As I review the events of my past
life I realise how subtle are the influences
that shape our destinies. An incident of my
youth may serve to illustrate. One
winter's day I managed to climb a steep
mountain, in company with other boys.
The snow was quite deep and a warm
southerly wind made it just suitable for our
purpose. We amused ourselves by throwing
balls which would roll down a certain
distance, gathering more or less snow, and
we tried to out-do one another in
this sport. Suddenly a ball was seen to go
beyond the limit, swelling to
enormous proportions until it became as big
as a house and plunged thundering
into the valley below with a force that
made the ground tremble. I looked on
spell-bound incapable of understanding what
had happened. For weeks afterward
the picture of the avalanche was before my
eyes and I wondered how anything so
small could grow to such an immense
size.
Ever since that time the
magnification of feeble actions fascinated me, and
when, years later, I took up the
experimental study of mechanical and electrical
resonance, I was keenly interested from the
very start. Possibly, had it not
been for that early powerful impression I
might not have followed up the little
spark I obtained with my coil and never
developed my best invention, the true
history of which I will
tell.
Many technical men, very able in
their special departments, but dominated by a
pedantic spirit and near-sighted, have
asserted that excepting the induction
motor, I have given the world little of
practical use. This is a grievous
mistake. A new idea must not be judged by
its immediate results. My alternating
system of power transmission came at a
psychological moment, as a long sought
answer to pressing industrial questions,
and although considerable resistance
had to be overcome and opposing interests
reconciled, as usual, the commercial
introduction could not be long delayed.
Now, compare this situation with that
confronting my turbines, for example. One
should think that so simple and
beautiful an invention, possessing many
features of an ideal motor, should be
adopted at once and, undoubtedly, it would
under similar conditions. But the
prospective effect of the rotating field
was not to render worthless existing
machinery; on the contrary, it was to give
it additional value. The system lent
itself to new enterprise as well as to
improvement of the old. My turbine is an
advance of a character entirely different.

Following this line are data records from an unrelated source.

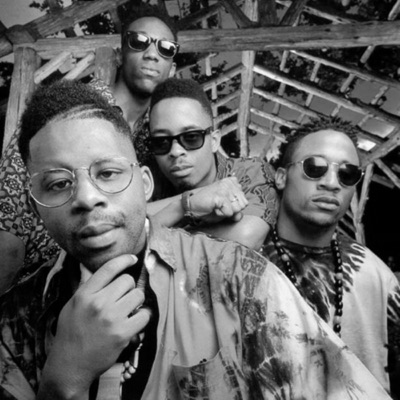 Brand Nubian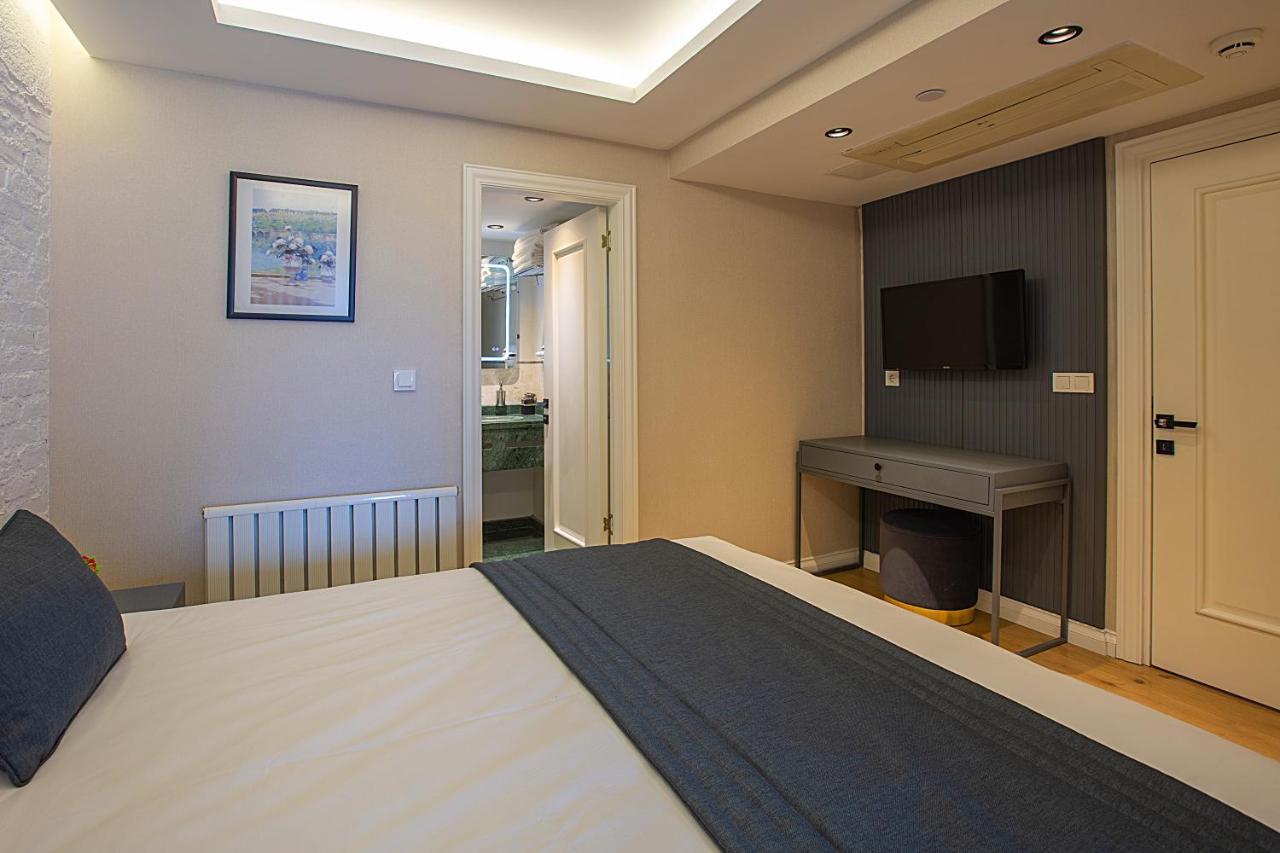 Aparthotel Moss Istanbul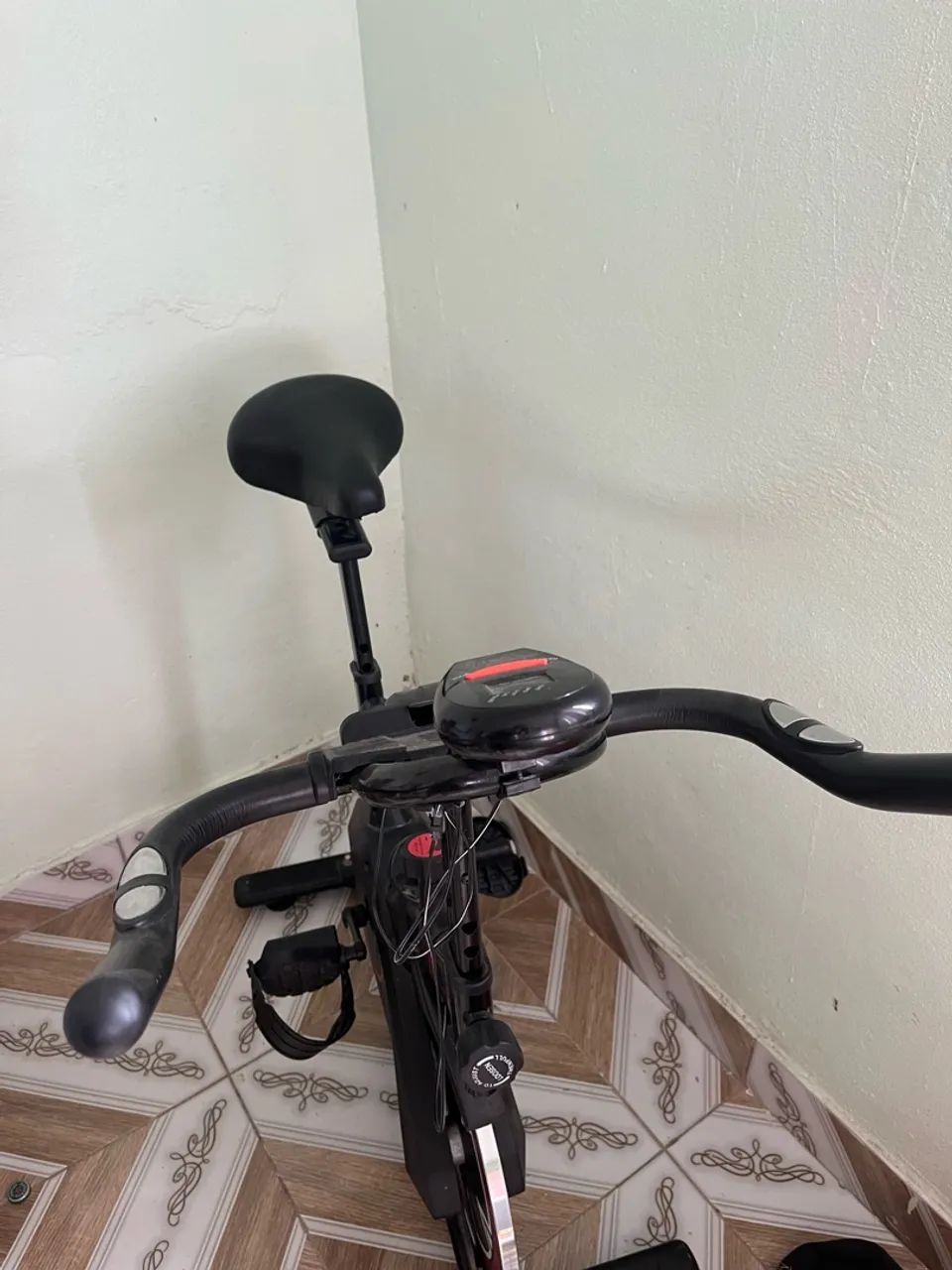 Bicicleta ergométrica  - Foto 5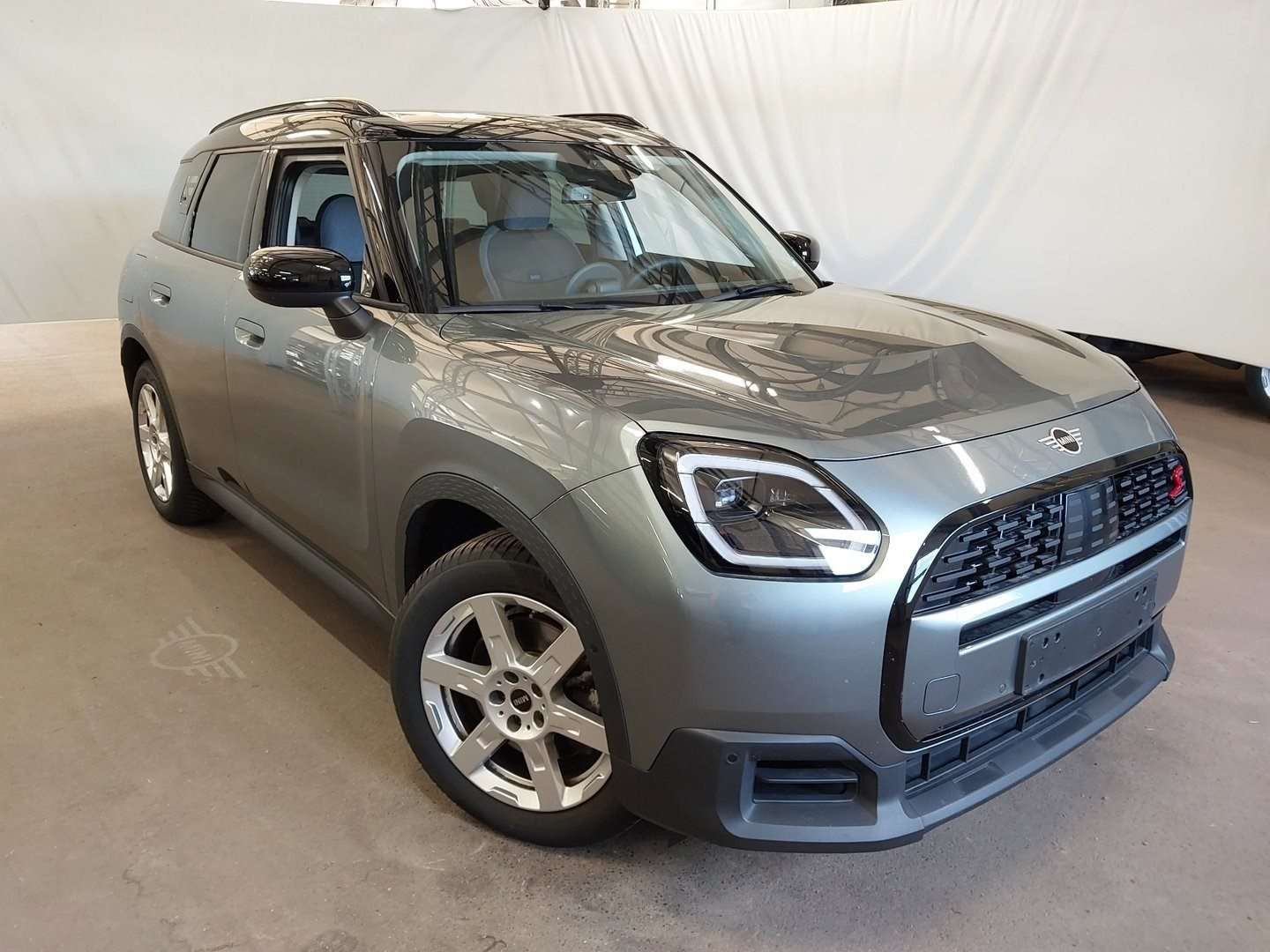 Mini Countryman COOPER S - 2024 - Joinsteer - #1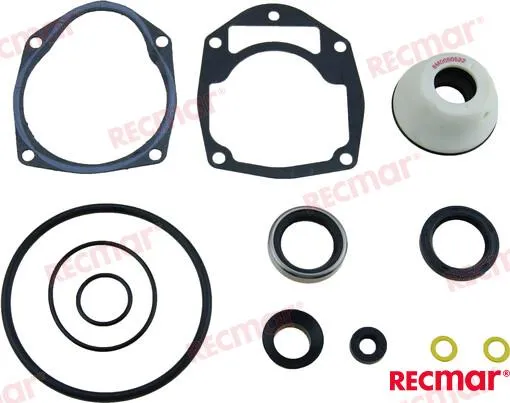 GEARCASE SEAL KIT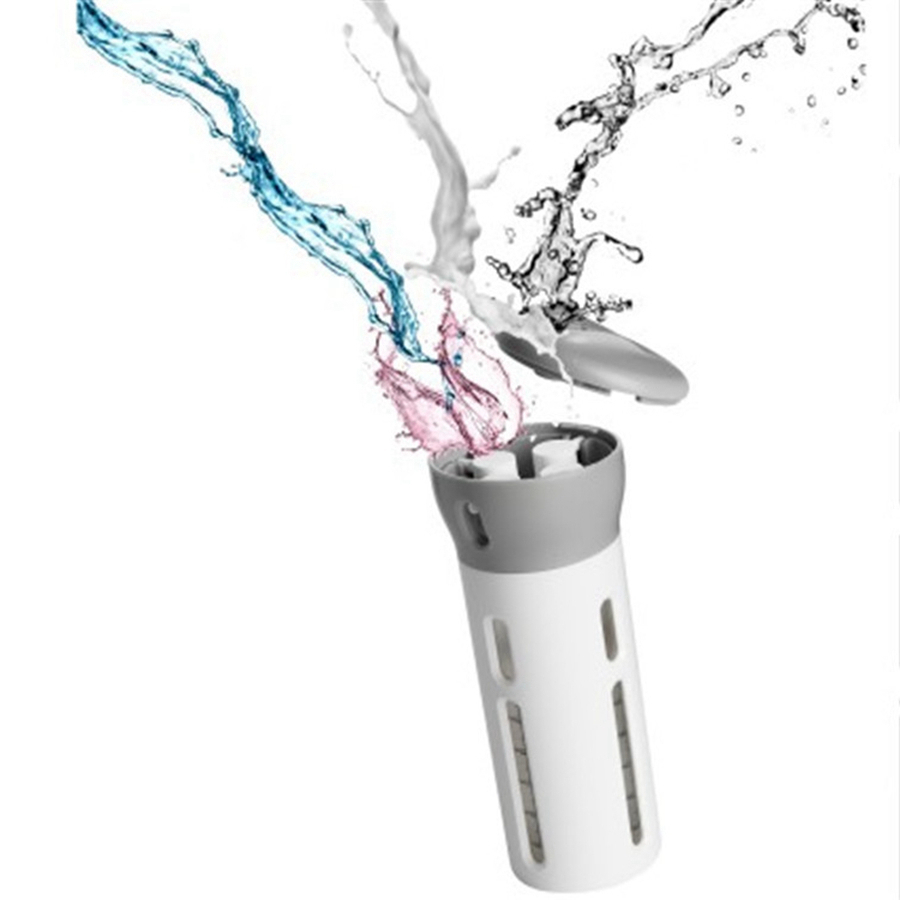 

4in1 Rotating Cream Bottle Empty Cosmetic Portable Travle Oil Cosmetic Container Refillable Make Up Cream Jar Sample Display Bottles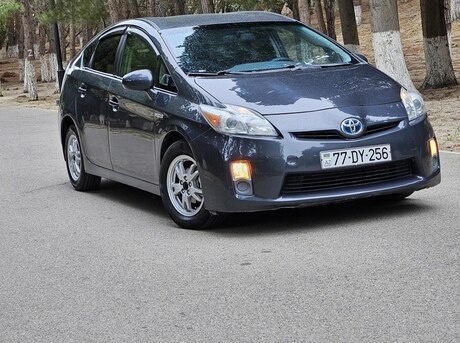 Toyota Prius 2010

It is a radical departure in the
sense that its success would mean the
abandonment of the antiquated types of
prime movers on which billions of dollars
have been spent. Under such
circumstances, the progress must needs be slow and perhaps the
greatest
impediment
is encountered in the prejudicial opinions created in the minds
of
experts by
organised opposition.
Only the other day, I had a
disheartening experience when I met my friend and
former assistant, Charles F. Scott, now
professor of Electric Engineering at
Yale. I had not seen him for a long time
and was glad to have an opportunity for
a little chat at my office. Our
conversation, naturally enough, drifted on my
turbine and I became heated to a high
degree. "Scott," I exclaimed, carried away
by the vision of a glorious future, "My
turbine will scrap all the heat engines
in the world." Scott stroked his chin and
looked away thoughtfully, as though
making a mental calculation. "That will
make quite a pile of scrap," he said,
and left without another
word!
These and other inventions of
mine, however, were nothing more than steps
forward in a certain directions. In
evolving them, I simply followed the inborn
instinct to improve the present devices
without any special thought of our far
more imperative necessities. The
"Magnifying Transmitter" was the product of
labours extending through years, having for
their chief object, the solution of
problems which are infinitely more
important to mankind than mere industrial
development.
If my memory serves me right, it
was in November, 1890, that I performed a
laboratory experiment which was one of the
most extraordinary and spectacular
ever recorded in the annal of Science. In
investigating the behaviour of high
frequency currents, I had satisfied myself
that an electric field of sufficient
intensity could be produced in a room to
light up electrodeless vacuum tubes.
Accordingly, a transformer was built to
test the theory and the first trial
proved a marvellous success. It is
difficult to appreciate what those strange
phenomena meant at the time. We crave for
new sensations, but soon become
indifferent to them. The wonders of
yesterday are today common occurrences. When
my tubes were first publicly exhibited,
they were viewed with amazement
impossible to describe. From all parts of
the world, I received urgent
invitations and numerous honours and other
flattering inducements were offered
to me, which I declined. But in 1892 the
demand became irresistible and I went
to London where I delivered a lecture
before the institution of Electrical
Engineers.
It has been my intention to leave
immediately for Paris in compliance with a
similar obligation, but Sir James Dewar
insisted on my appearing before the
Royal Institution. I was a man of firm
resolve, but succumbed easily to the
forceful arguments of the great Scotchman.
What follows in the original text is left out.